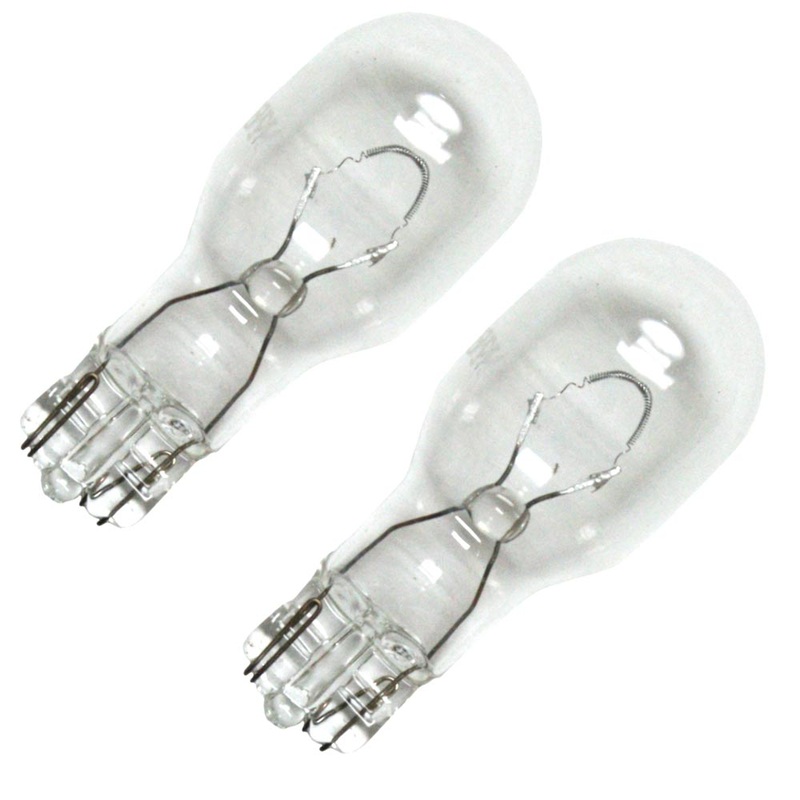 Perko Wedge Base Bulb – 12V, 9W, .69A – Pair [0338DP2CLR]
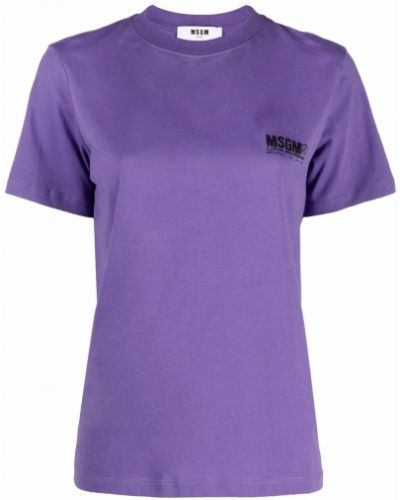 Camiseta Msgm violeta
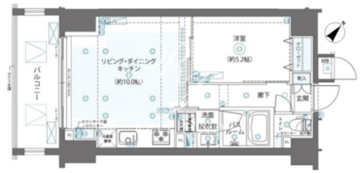 ズーム日本橋浜町 902 間取り図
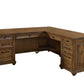 Escritorio Porter L con acabado en marrón cálido - Martin Furniture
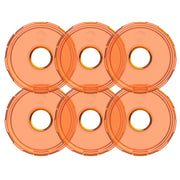 KC HiLiTES 4412 - KC Cyclone 2.0 LED - Replacement Lens - Amber - 6-PK 5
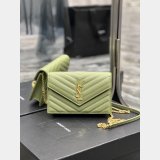 YSL Saint Laurent Copy Monogram 393953 Woc Wallet Fashion Bag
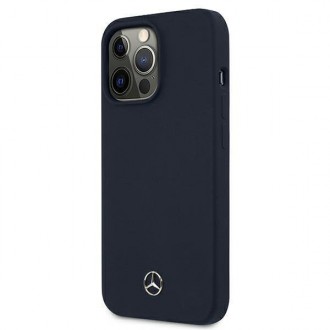 Mercedes MEHCP13XSILNA iPhone 13 Pro Max 6,7" granatowy/navy hardcase Silicone Line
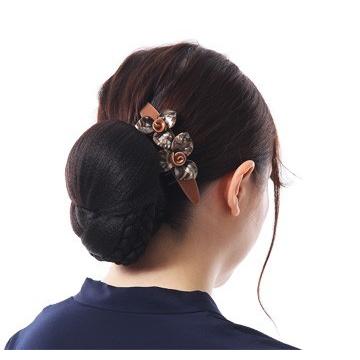 シニヨン ウィッグ 結い上げ ヘアアクセサリー 付け毛 着物 ヘアピース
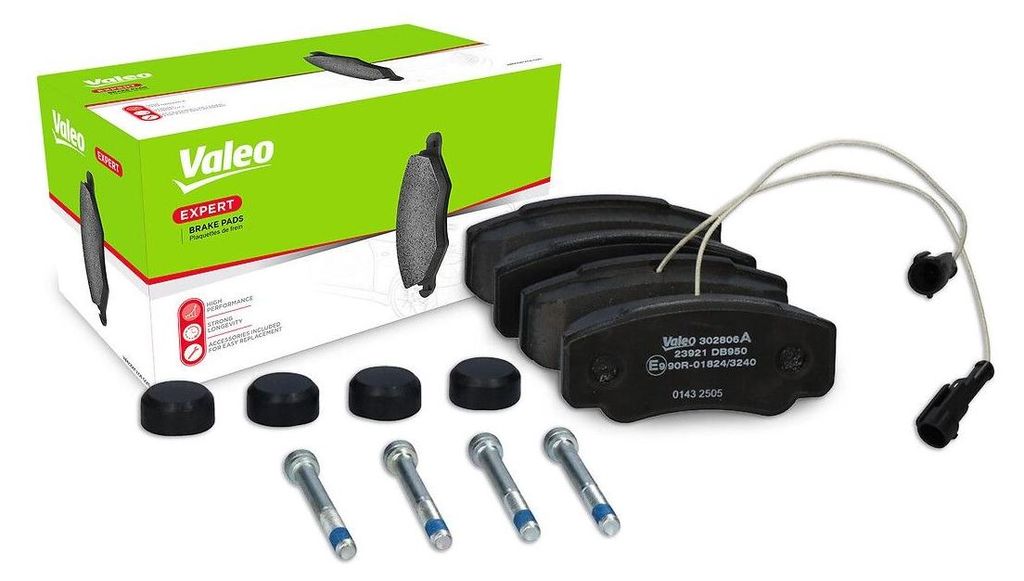 Bremsbelagsatz Scheiben hinten 20,3 mm VALEO für u.a. RENAULT TRUCKS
────────────────────
_EXERCISE DETAILS_:
Write out the whole listing exactly, and drop the pictures.

_TASK RESPONSE_:
 Perko Wedge Base Bulb – 12V, 9W, .69A – Pair [0338DP2CLR]
 Camiseta Msgm violeta
 ズーム日本橋浜町 902 間取り図
 Escritorio Porter L con acabado en marrón cálido - Martin Furniture
 KC HiLiTES 4412 - KC Cyclone 2.0 LED - Replacement Lens - Amber - 6-PK 5
 YSL Saint Laurent Copy Monogram 393953 Woc Wallet Fashion Bag
 Mercedes MEHCP13XSILNA iPhone 13 Pro Max 6,7" granatowy/navy hardcase Silicone Line
 シニヨン ウィッグ 結い上げ ヘアアクセサリー 付け毛 着物 ヘアピース
 Bremsbelagsatz Scheiben hinten 20,3 mm VALEO für u.a. RENAULT TRUCKS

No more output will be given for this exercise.